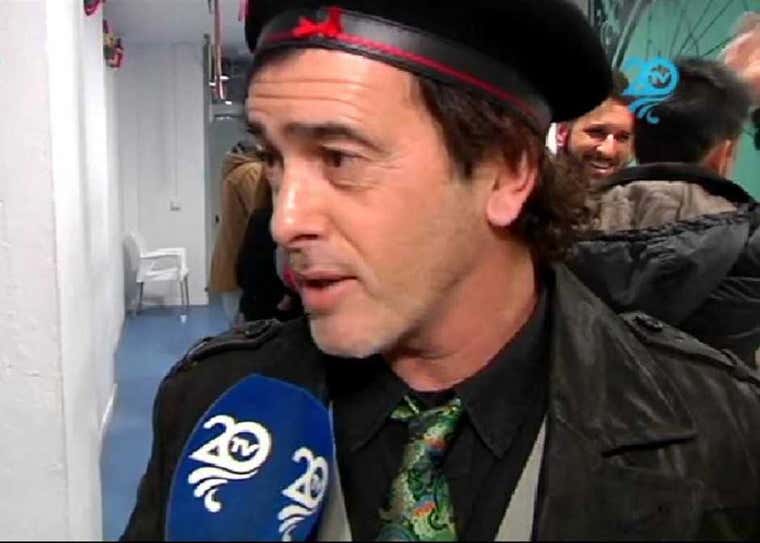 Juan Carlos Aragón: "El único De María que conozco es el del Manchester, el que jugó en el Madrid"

---

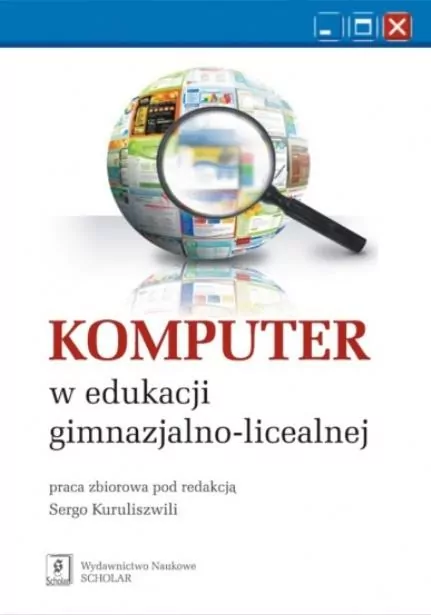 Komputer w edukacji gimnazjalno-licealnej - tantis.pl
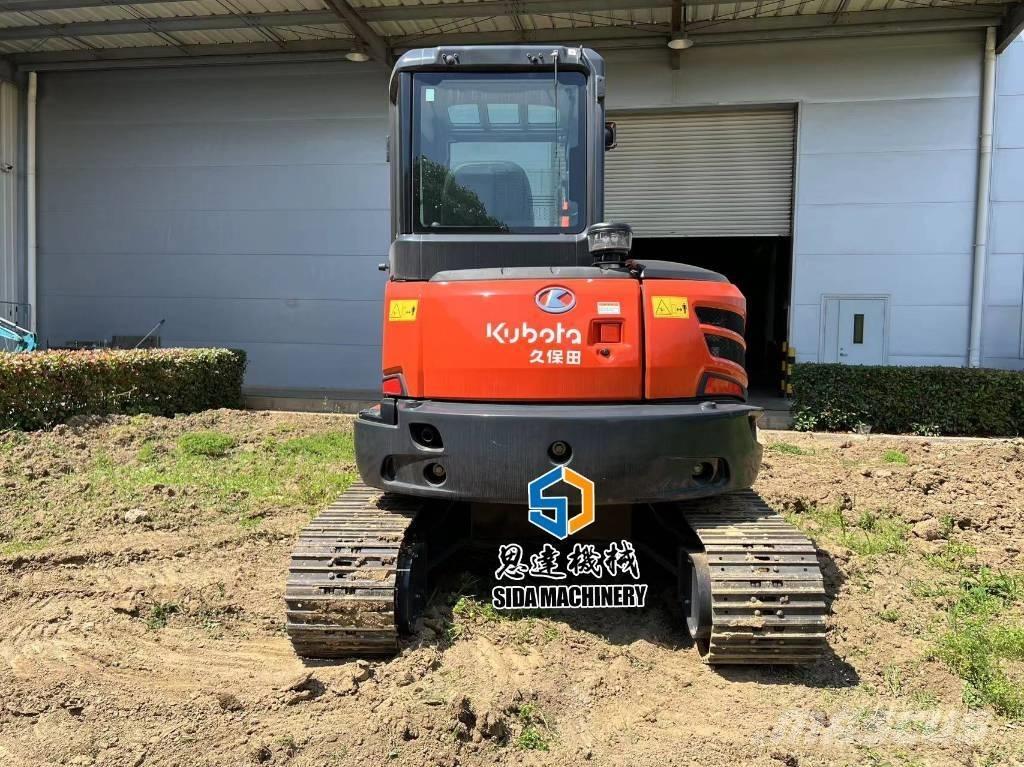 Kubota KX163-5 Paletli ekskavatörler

■ **Task instructions**: Take the lines above starting at the one containing "Komputer w edukacji" and ending at the one containing "Kubota KX163-5 Paletli ekskavatörler", and print them again exactly, without pictures.

■ **Written answer**:
 Komputer w edukacji gimnazjalno-licealnej - tantis.pl
 Kubota KX163-5 Paletli ekskavatörler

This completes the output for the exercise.